Authors: Ziming Liu, Yixuan Wang, Sachin Vaidya, Fabian Ruehle, James Halverson, Marin Soljačić, Thomas Y. Hou, Max Tegmark
Paper: https://arxiv.org/abs/2404.19756
Repo: https://github.com/KindXiaoming/pykan
Docs: https://kindxiaoming.github.io/pykan/
Twitter: https://x.com/zimingliu11/status/1785483967719981538
Only the lazy have not shared the recent article about KAN these last few days (I am the lazy one). However, there are still not many substantive reviews. Here’s my one.

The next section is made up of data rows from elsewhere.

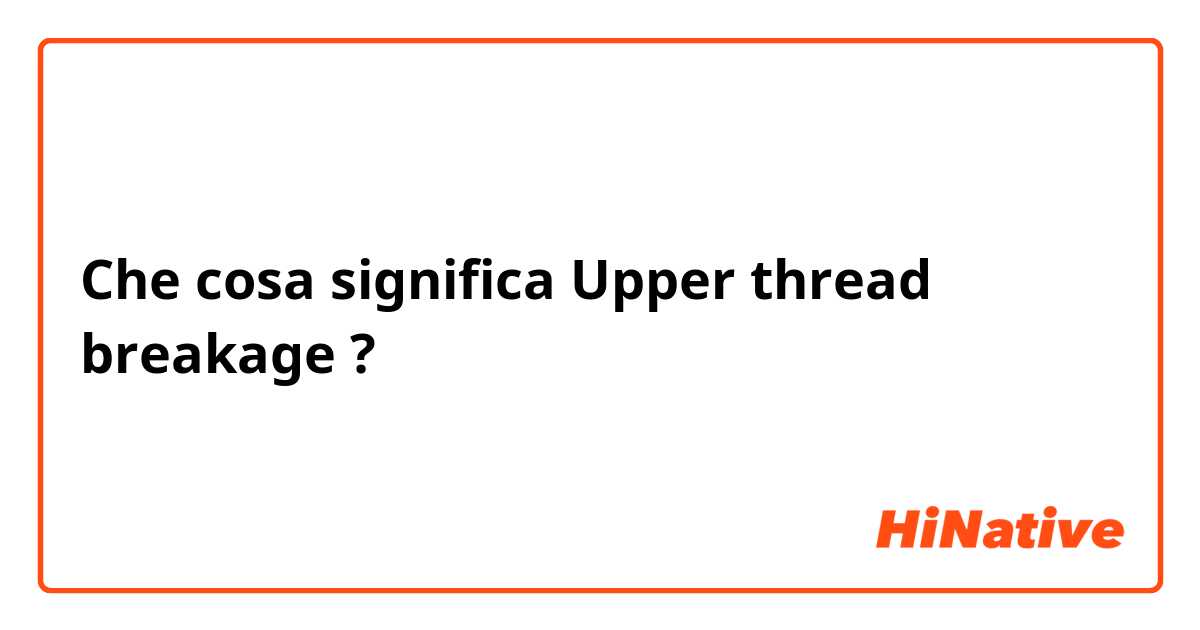 Che cosa significa Upper thread breakage?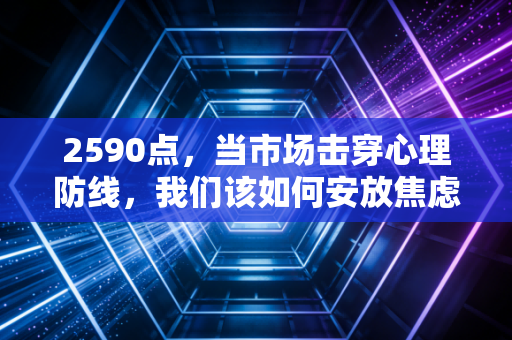 2590点，当市场击穿心理防线，我们该如何安放焦虑与财富？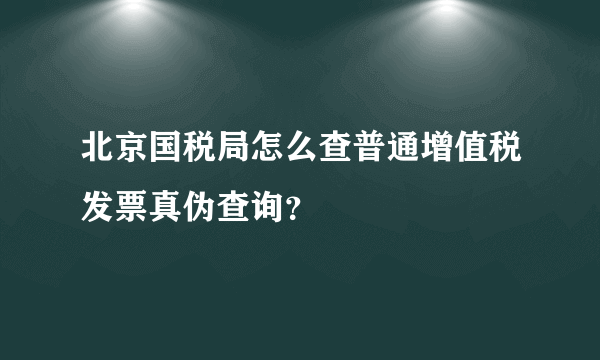 北京国税局怎么查普通增值税发票真伪查询？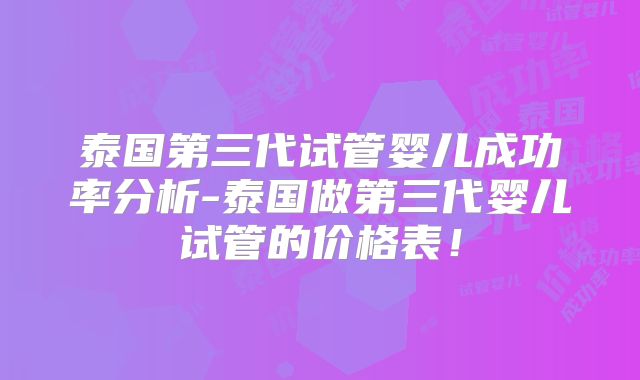 泰国第三代试管婴儿成功率分析-泰国做第三代婴儿试管的价格表!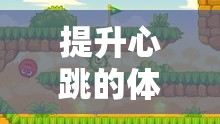 提升心跳的體育課游戲，挑戰(zhàn)與樂趣并存的心跳加速大冒險(xiǎn)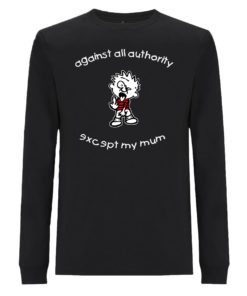 Against all authority except my mum Longleeve schwarz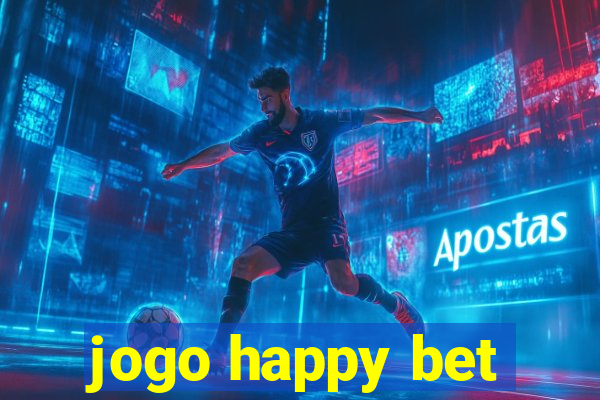 jogo happy bet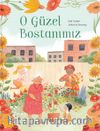 O Güzel Bostanımız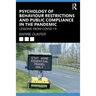 Psychology of Behaviour Restrictions and Public Compliance in the Pandemic: Lessons from Covid-19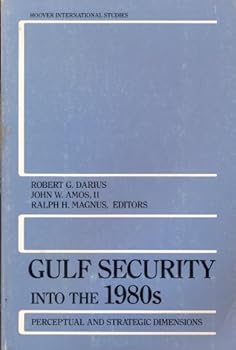 Gulf Security into the 1980s: Perceptual and Strategic Dimensions (Hoover International Studies)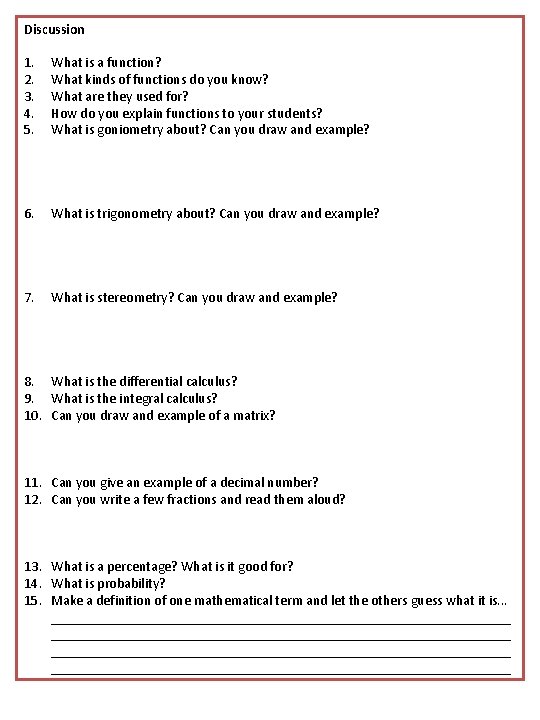 Discussion 1. 2. 3. 4. 5. What is a function? What kinds of functions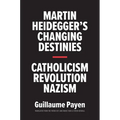 Martin Heidegger's Changing Destinies: Catholicism, Revolution, Nazism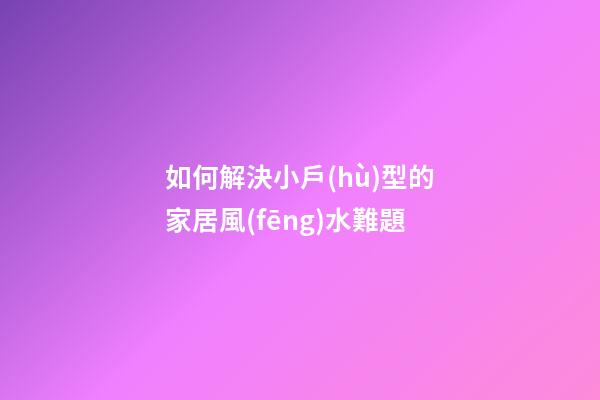 如何解決小戶(hù)型的家居風(fēng)水難題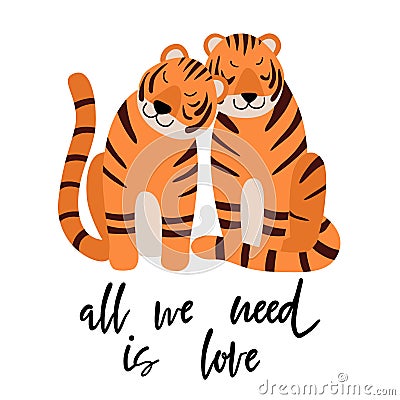 All we need is love quote. Cute tigers in love. Couple of romantic animals Vector Illustration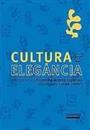 CULTURA E ELEGANCIA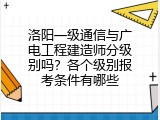 洛阳一级通信与广电工程建造师分级别吗？各个级别报考条件有哪些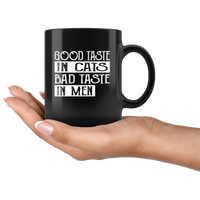Good taste in cats bad taste in men black coffee mugs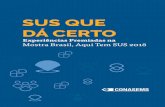 CAPA Contra capa ARTE curvas · 2019-10-08 · Apresentação A Mostra Brasil, Aqui Tem SUS é um movimento desenvolvido pelo Conasems de valorização do trabalho no SUS. Há 14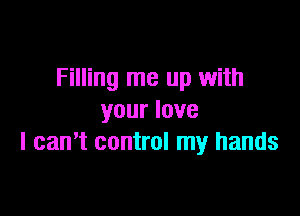 Filling me up with

your love
I can't control my hands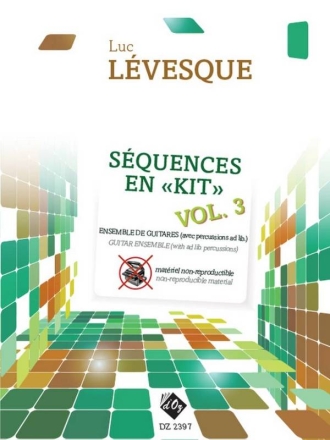 Sequences en Kit - Vol. 3 Gitarrenensemble Partitur + Stimmen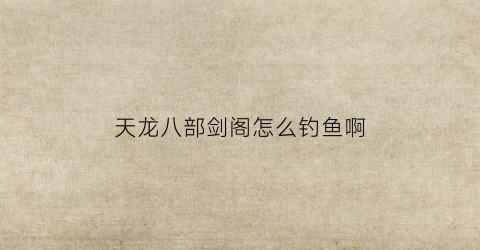 天龙八部剑阁怎么钓鱼啊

The authors propose alternatives to the classical multilayer perceptrons (MLPs) named Kolmogorov-Arnold Networks (KANs). The idea is that the fixed activation function for a neuron in MLP is moved to a changeable part and becomes a trainable function (parameterized by a spline) instead of a weight. This seemingly small change leads to a big difference.
Welcome KAN!
If we step back, traditional MLPs rely on the Universal Approximation Theorem (UAT), also known as the Cybenko Theorem, which states that a single-layer feed-forward network with sigmoidal activation functions can approximate any continuous function of several variables to any desired degree of accuracy, provided enough neurons and correct weight selection. There have been many variations of this theorem since. By the way, George Cybenko, the theorem's author, is a living American mathematician and engineer in Dartmouth, where artificial intelligence was born. Well, this theorem is generally useful, giving us a reliable basis for using neural networks.
There is another interesting theorem, the Kolmogorov-Arnold Representation Theorem (KART) or the Superposition Theorem, which states that a continuous function of several variables can be represented as a superposition of continuous functions of one variable. That is, all functions of several variables can be expressed using functions of one variable and addition. Interestingly, in UAT the approximation is close, while in KART it is exact.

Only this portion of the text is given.